**ASSIGNED TASK:** The exact lines from the start of the material below through the line holding "Čokoládovo-oříškové dortíčky Manner 400 g" are the answer; return those, pictures excluded.
═══
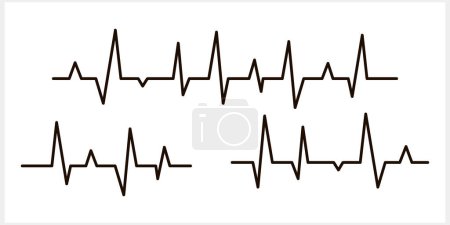 Illustration for Doodle medicine heart icon. Sketch vector stock illustration. EPS 10 - Royalty Free Image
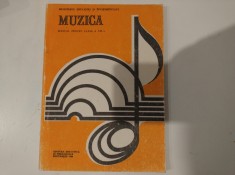 Muzica. Manual pentru clasa VII-a. C-tin Popescu ?i Mu?at Popovici. 1988 foto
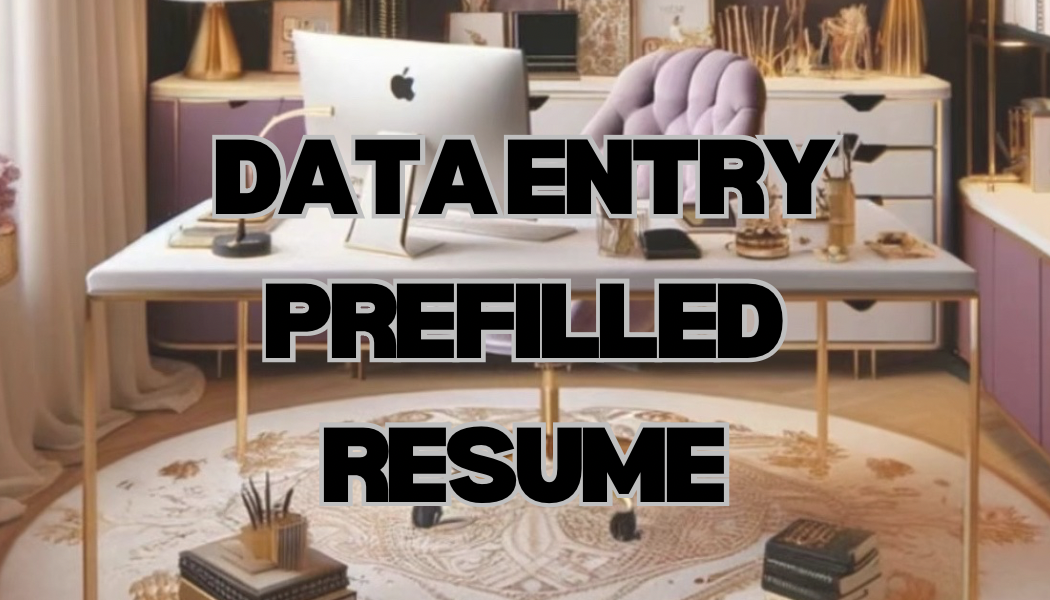 Data Entry Prefilled Resume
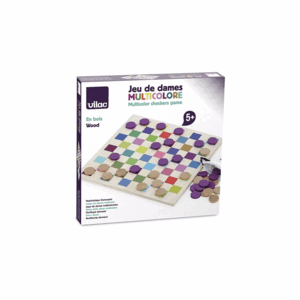 JUEGO DE DAMAS MULTICOLOR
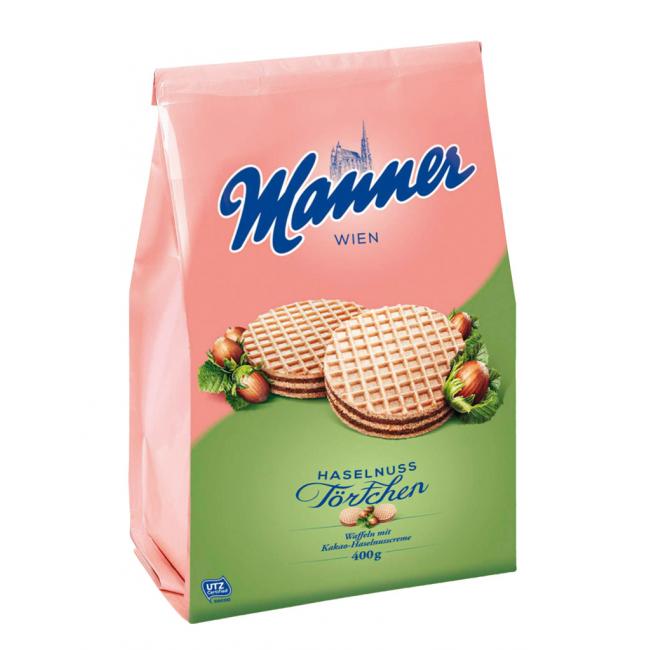 Čokoládovo-oříškové dortíčky Manner 400 g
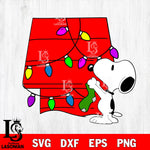 Snoopy Christmas svg eps dxf png file, digital download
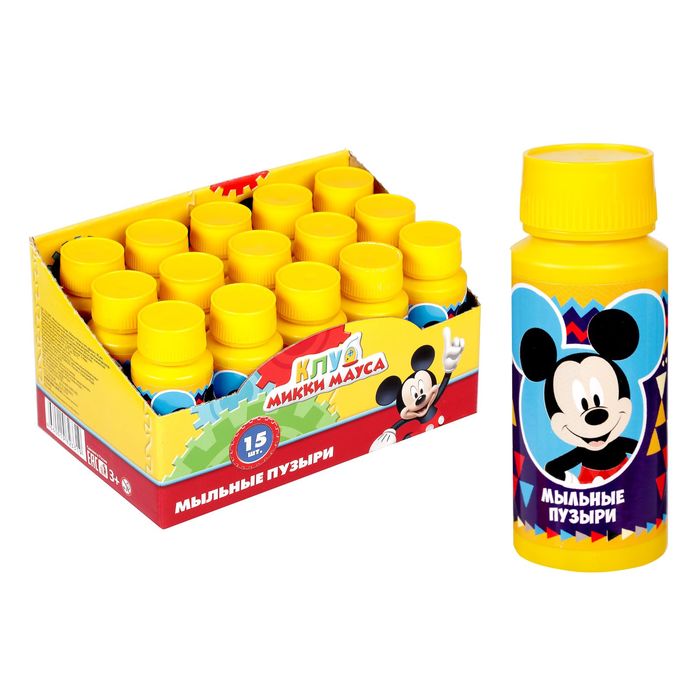 Мыльные пузыри "Микки Маус и его друзья", 95 мл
═══
**EXERCISE RESPONSE:**
 Illustration for Doodle medicine heart icon. Sketch vector stock illustration. EPS 10 - Royalty Free Image
 Muzica. Manual pentru clasa VII-a. C-tin Popescu ?i Mu?at Popovici. 1988 foto
 Data Entry Prefilled Resume
 JUEGO DE DAMAS MULTICOLOR
 Čokoládovo-oříškové dortíčky Manner 400 g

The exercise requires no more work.